I
did not imagine that being a food critic would be even close to what
we commonly call work. I was wrong. I thought the task of reviewing a
restaurant would consist of eating and saying whether or not it is
good. It is actually way more complex than that. The work of a food
critic requires a perpetual attention to details with a fast and
lively mind (and hands !) The waiter dropped a plate on a customer ?
Note taking. The restaurant setting is unusual ? Note taking. The
seats are uncomfortable ? Note taking. The biggest difficulty is to
get a global understanding of the place and its customers within the
less time possible, which means being careful about the menu while
not eating all of it, looking at the others' plates while tasting
your own, tasting the alcohol while staying sober enough to write
about it and so on. I found out that being a food critic is not as
easy as one might think.
About
the place, I had very low expectations (barflies, dirty restrooms)

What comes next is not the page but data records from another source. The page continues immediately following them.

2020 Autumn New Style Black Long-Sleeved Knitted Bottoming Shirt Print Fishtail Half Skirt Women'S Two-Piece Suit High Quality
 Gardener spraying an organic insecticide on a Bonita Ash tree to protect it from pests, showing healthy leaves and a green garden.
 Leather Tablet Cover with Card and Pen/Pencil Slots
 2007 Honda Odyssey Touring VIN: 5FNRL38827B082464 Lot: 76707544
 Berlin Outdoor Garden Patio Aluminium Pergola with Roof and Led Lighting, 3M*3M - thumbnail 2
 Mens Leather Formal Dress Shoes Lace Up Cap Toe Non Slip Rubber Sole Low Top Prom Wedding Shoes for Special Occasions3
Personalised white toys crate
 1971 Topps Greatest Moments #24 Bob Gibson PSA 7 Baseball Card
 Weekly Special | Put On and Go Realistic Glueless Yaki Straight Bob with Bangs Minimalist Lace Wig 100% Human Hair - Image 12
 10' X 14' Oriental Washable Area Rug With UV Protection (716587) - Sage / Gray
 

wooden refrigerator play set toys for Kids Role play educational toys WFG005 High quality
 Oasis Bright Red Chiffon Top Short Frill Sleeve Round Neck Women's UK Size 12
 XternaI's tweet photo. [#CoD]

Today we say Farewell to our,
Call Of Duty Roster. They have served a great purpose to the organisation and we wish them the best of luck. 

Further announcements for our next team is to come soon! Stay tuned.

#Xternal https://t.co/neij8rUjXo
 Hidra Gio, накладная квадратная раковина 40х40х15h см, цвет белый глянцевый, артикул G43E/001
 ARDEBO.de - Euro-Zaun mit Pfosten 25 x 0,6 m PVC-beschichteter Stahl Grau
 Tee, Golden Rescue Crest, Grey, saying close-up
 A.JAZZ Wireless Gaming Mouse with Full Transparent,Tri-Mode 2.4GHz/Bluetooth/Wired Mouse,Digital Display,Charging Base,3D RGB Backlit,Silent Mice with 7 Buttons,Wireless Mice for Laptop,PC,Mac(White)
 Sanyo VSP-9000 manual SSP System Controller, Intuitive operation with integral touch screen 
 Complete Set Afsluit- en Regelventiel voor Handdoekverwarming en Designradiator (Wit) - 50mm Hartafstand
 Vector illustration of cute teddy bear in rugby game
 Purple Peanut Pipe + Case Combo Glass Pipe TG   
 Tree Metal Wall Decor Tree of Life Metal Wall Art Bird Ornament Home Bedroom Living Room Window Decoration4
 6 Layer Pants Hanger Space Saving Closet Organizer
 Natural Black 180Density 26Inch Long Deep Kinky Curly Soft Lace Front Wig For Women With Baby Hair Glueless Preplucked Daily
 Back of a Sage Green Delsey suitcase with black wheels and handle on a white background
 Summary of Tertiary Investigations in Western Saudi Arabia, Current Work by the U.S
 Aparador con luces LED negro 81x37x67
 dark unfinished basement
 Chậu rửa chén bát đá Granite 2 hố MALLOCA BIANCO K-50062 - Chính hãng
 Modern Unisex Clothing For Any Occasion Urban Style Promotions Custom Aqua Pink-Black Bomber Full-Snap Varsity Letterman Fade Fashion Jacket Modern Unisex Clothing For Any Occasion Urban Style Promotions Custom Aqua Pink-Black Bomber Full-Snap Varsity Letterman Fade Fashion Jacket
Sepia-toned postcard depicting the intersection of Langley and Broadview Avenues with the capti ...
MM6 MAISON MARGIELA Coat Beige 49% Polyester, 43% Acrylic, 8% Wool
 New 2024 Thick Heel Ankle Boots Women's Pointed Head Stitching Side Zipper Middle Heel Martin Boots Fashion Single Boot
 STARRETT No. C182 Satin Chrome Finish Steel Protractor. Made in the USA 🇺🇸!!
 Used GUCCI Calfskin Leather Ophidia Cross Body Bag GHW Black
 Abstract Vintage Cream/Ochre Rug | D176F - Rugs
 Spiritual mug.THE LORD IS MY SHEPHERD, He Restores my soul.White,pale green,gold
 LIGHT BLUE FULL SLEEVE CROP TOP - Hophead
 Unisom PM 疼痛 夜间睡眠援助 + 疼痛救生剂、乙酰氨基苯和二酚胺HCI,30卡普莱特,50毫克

and could not but be positively surprised, which is exactly what
happened when I entered this popular restaurant.
Since
I did not see any coherence in the Rock City Eatery -regarding either
the menu or the decor- I would hardly consider the restaurant
unauthentic: since the place does not claim any belonging (of origin
or of quality), it cannot be but authentic for its uniqueness. When
there is no norm to rely on, there is no risk of overstepping them.
As for the question of tourism (is dining in a restaurant a kind of
tourism?), I would say that it depends on the restaurant. As long as
the restaurant allows the customer to experience otherness -foreign
food restaurants in particular-, it can be seem as tourism. However,
if tourism is, as Long's suggested, getting out of your daily routine
to see the other's daily routine as very exotic, dining in a
restaurant could be seen as tourism only insofar eating out is an
unusual practice. Eating out, when it is part of your daily routine,
is not properly tourism for me.
As
an international student in Kalamazoo, all my experiences here have
first felt foreign to me. The ice in the water, the A/C or the tips
have been some of the most exotic things I encountered when I arrived
in America. But people change and so I did. I can say that I start
now, after 9 months of immersion in this culture, to feel a belonging
and a familiarity regarding American food. I am crazy about peanut
butter/jelly sandwiches and bacon-based brunch on a Sunday morning.
Tourism (or the lack of) has to do with time. It also has to do with
home. What is home cannot be tourism. The home I found here prevents
me today to consider myself as a tourist in America. However, I do
not feel fully integrated yet. I guess, it is the perks and the
drawbacks of biculturalism.
Nice reflection on your experience Marie - I too was surprised at how much work it is to review a restaurant. It's overwhelming when you're there for the purpose of gathering as much relevant information and sensory detail as possible. It took me ten minutes to even glance at the menu and I was, of course, the last to order. You mention many of the challenges you experienced in writing your review, but I have to say, I think you did an really fantastic job capturing the 'culture' of the Rock City Eatery.
ReplyDeleteI like your idea that once a place starts to feel like home, one is no longer a tourist. This seems like a good feeling-based, flexible way to identify when one moves beyond being a tourist in a place.